■ **ACTIVITY**
Starting with the line that has "Brixlegg Halle, Brixlegg Hallenfläche" in the records below and stopping after the line that has "CAPSULE Sevgiliye Özel", output every line exactly and nothing else; skip pictures.

Items listed in a dataset
== Segment start ==
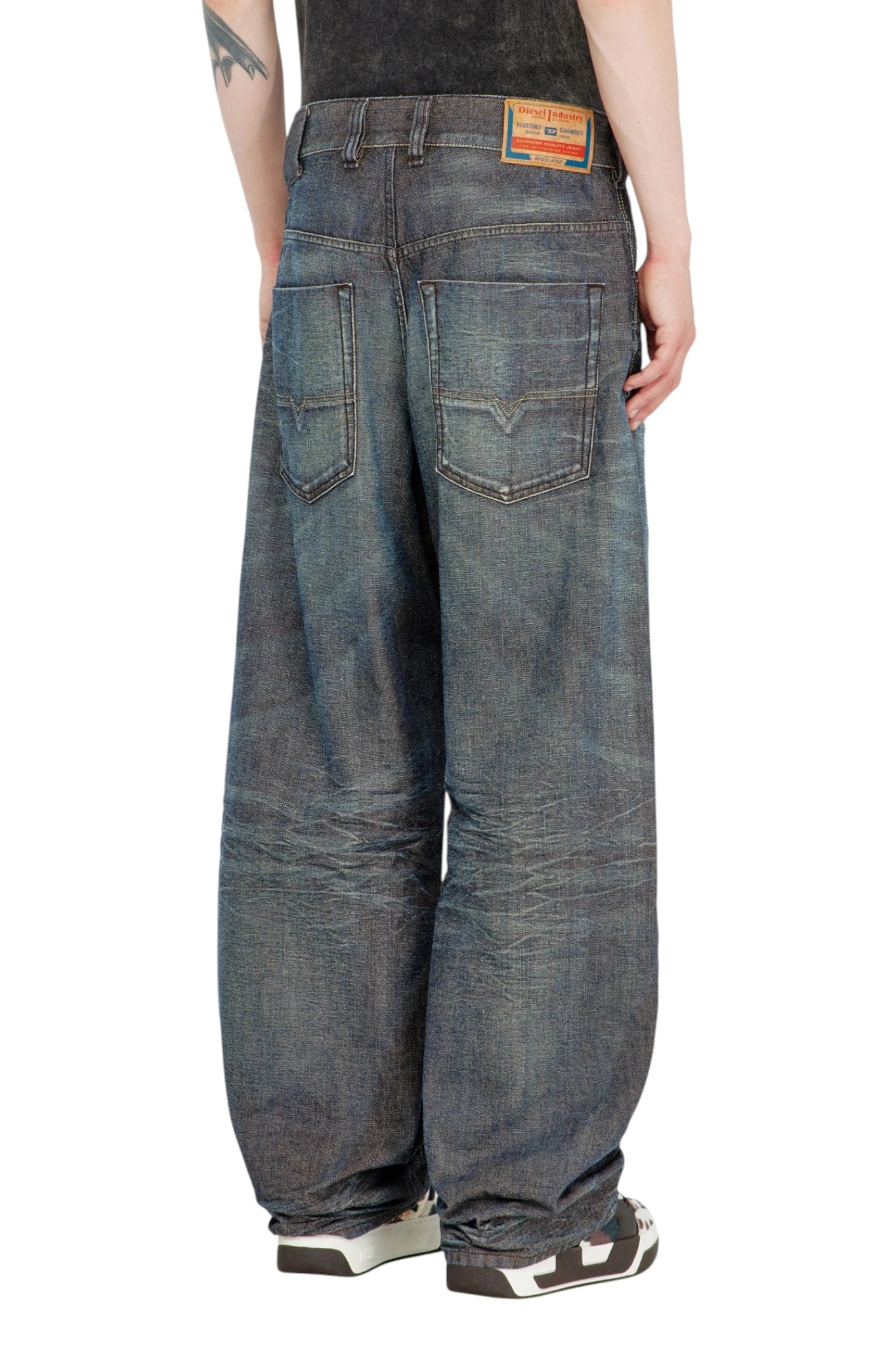 Diesel 1997 D-Enim-M L.30 Trousers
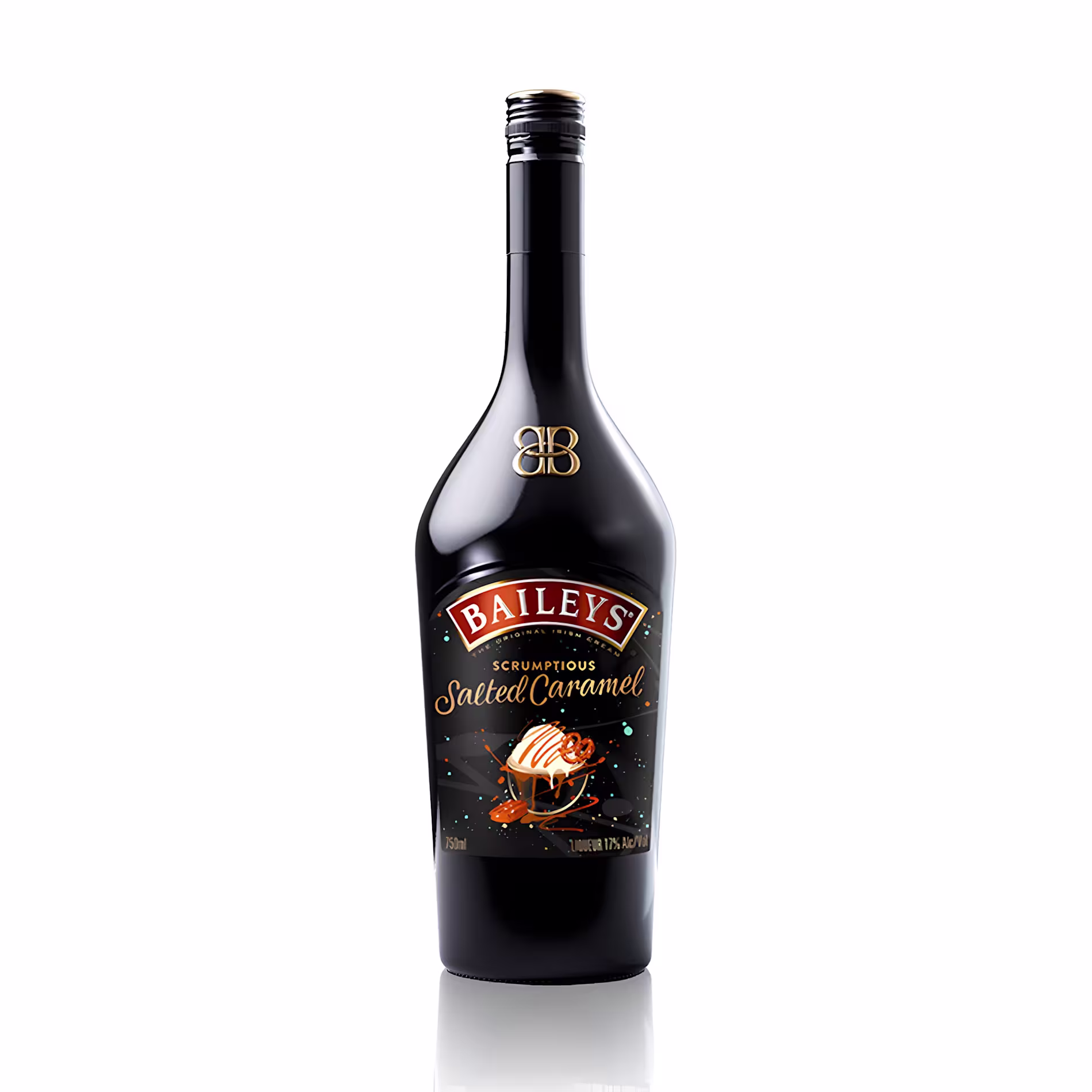 Baileys Chocolat Luxe Ír Krémlikőr , 0,5 L
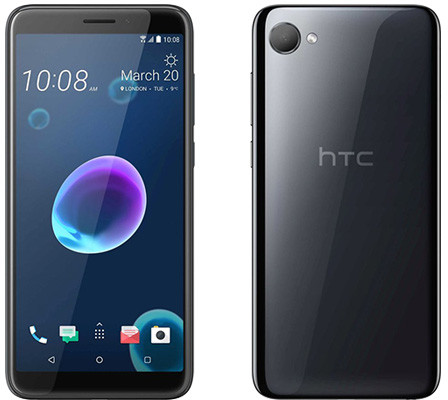 HTC - Desire 12 - zaprojektuj etui FLEXmat Case (ETHC707KRTR000000)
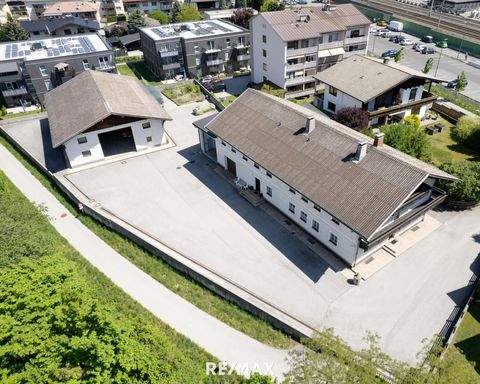 Brixlegg Halle, Brixlegg Hallenfläche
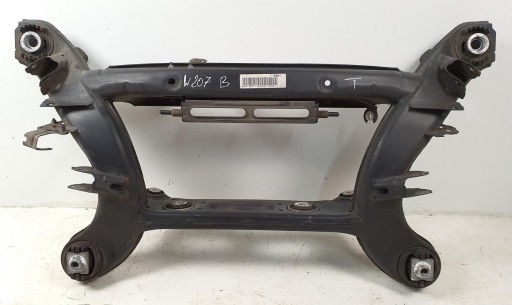 2043505008 2073503901 - Коляска салазки балка траверса задняя mercedes w207
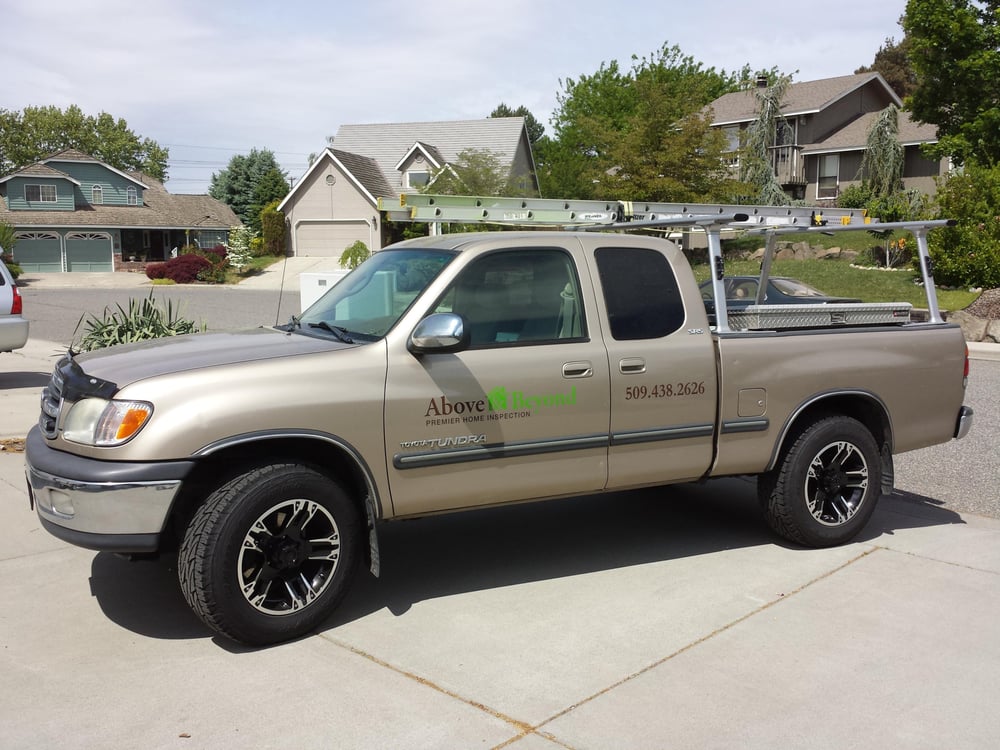 Above & Beyond Inspections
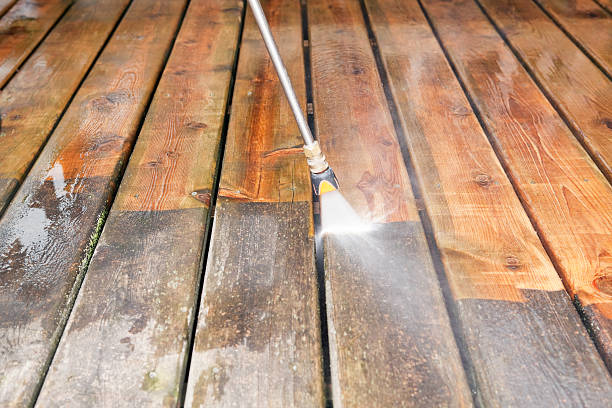 Professional Pressure Washing Services in Pine City, MN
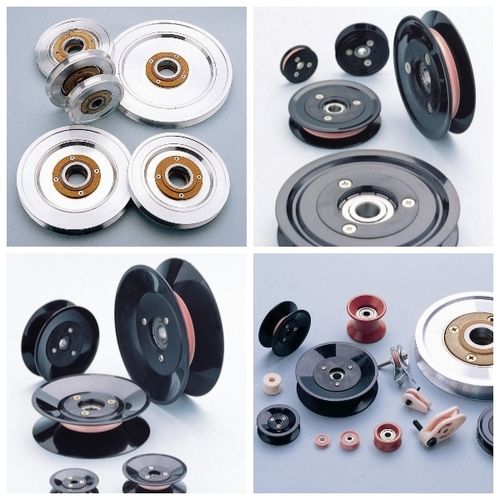 Ceramic Bearing Rollers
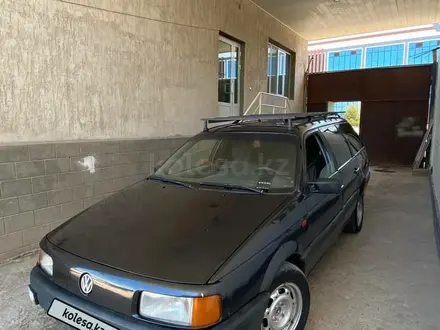 Volkswagen Passat 1991 года за 1 350 000 тг. в Сарыагаш – фото 3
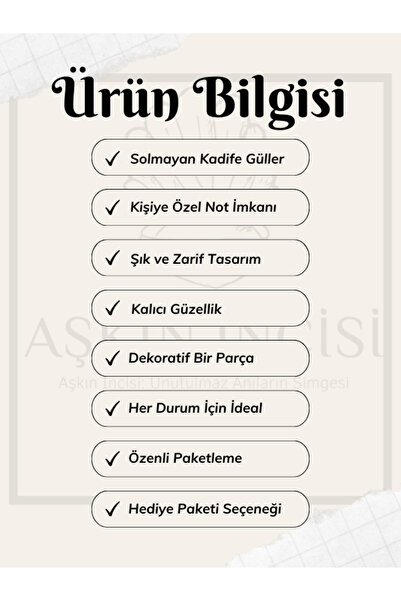 CAPSULE Sevgiliye Özel Hediye Gül Kutu Mavi Sarı Hediyelik Çiçek Doğum Günü Sepeti Kız Arkadaşa Eşe Sevgili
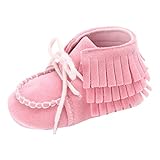 Voberry APPAREL ベビー・ガールズ カラー: ピンク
== Segment end ==
■ **SOLUTION**
 Brixlegg Halle, Brixlegg Hallenfläche
 2043505008 2073503901 - Коляска салазки балка траверса задняя mercedes w207
 Above & Beyond Inspections
 Professional Pressure Washing Services in Pine City, MN
 Ceramic Bearing Rollers
 Volkswagen Passat 1991 года за 1 350 000 тг. в Сарыагаш – фото 3
 CAPSULE Sevgiliye Özel Hediye Gül Kutu Mavi Sarı Hediyelik Çiçek Doğum Günü Sepeti Kız Arkadaşa Eşe Sevgili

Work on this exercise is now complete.